This website presence has been shaped and inspired by ‘kaizen‘ – the practice of continuous improvement.
The Kaizen Institute explains that kaizen was introduced to the West by Masaaki Imai, ‘organisational theorist’ and management consultant (Wikipedia), from his text Kaizen: The key to Japan’s competitive success, back in 1986.
Kaizen has been applied to workplaces in many different industries (and quite extensively after WWII in Japan to help rebuild the country) with an aim to standardise business operations in order to eliminate wasteful processes and improve productivity.
The Kaizen Institute provides some stellar guiding principles for following the way of kaizen, all of which can be applied to the world of information management:
Good processes bring good results
Go see for yourself to grasp the current situation
Speak with data, manage by facts
Take action to contain and correct root causes of problems
Work as a team
Kaizen is everybody’s business
And much more!
One feature of kaizen that may appeal to archivists and archivally minded folk is the idea that ‘big results come from many small changes accumulated over time’ (Kaizen Institute).
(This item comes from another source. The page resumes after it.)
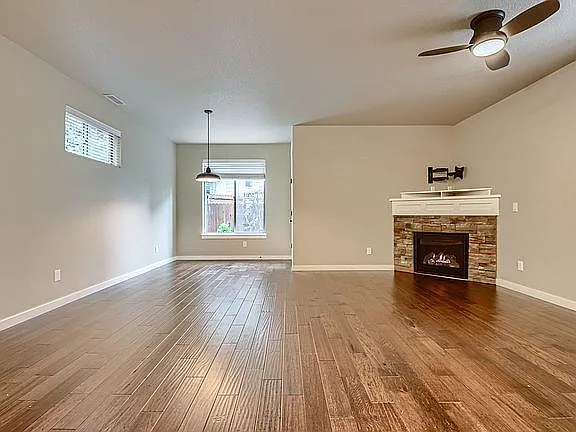 4017 SE 168th Ave — Photo 3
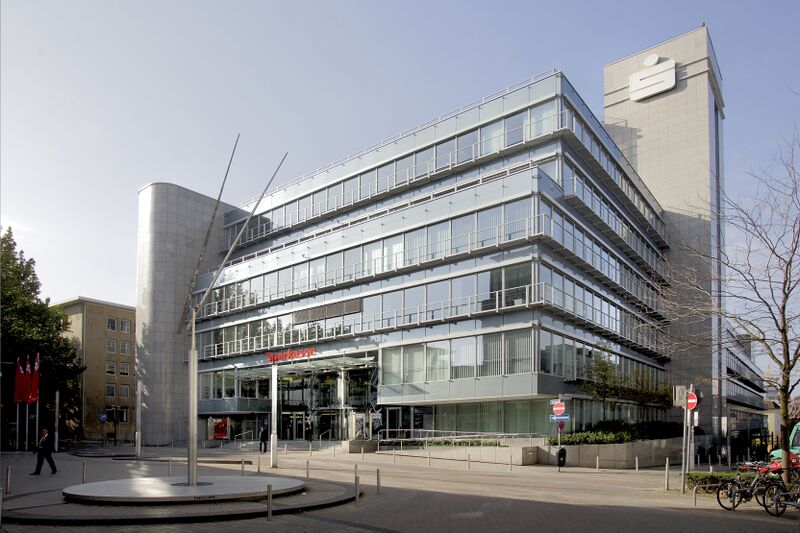 ملف:Sparkasse Essen-Zentrale-Eingang-III Hagen.jpg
Kaizen can be applied on both a personal and professional level, on a daily basis, and in many different ways. I believe the principles behind it can potentially be used in innovative ways, depending on the individual or business need at any moment in time.
Kaizen could have the power to shape the vision of new and emerging leaders and personalities involved in this fluid space that is information management, as well as to change information management processes and practice for the better.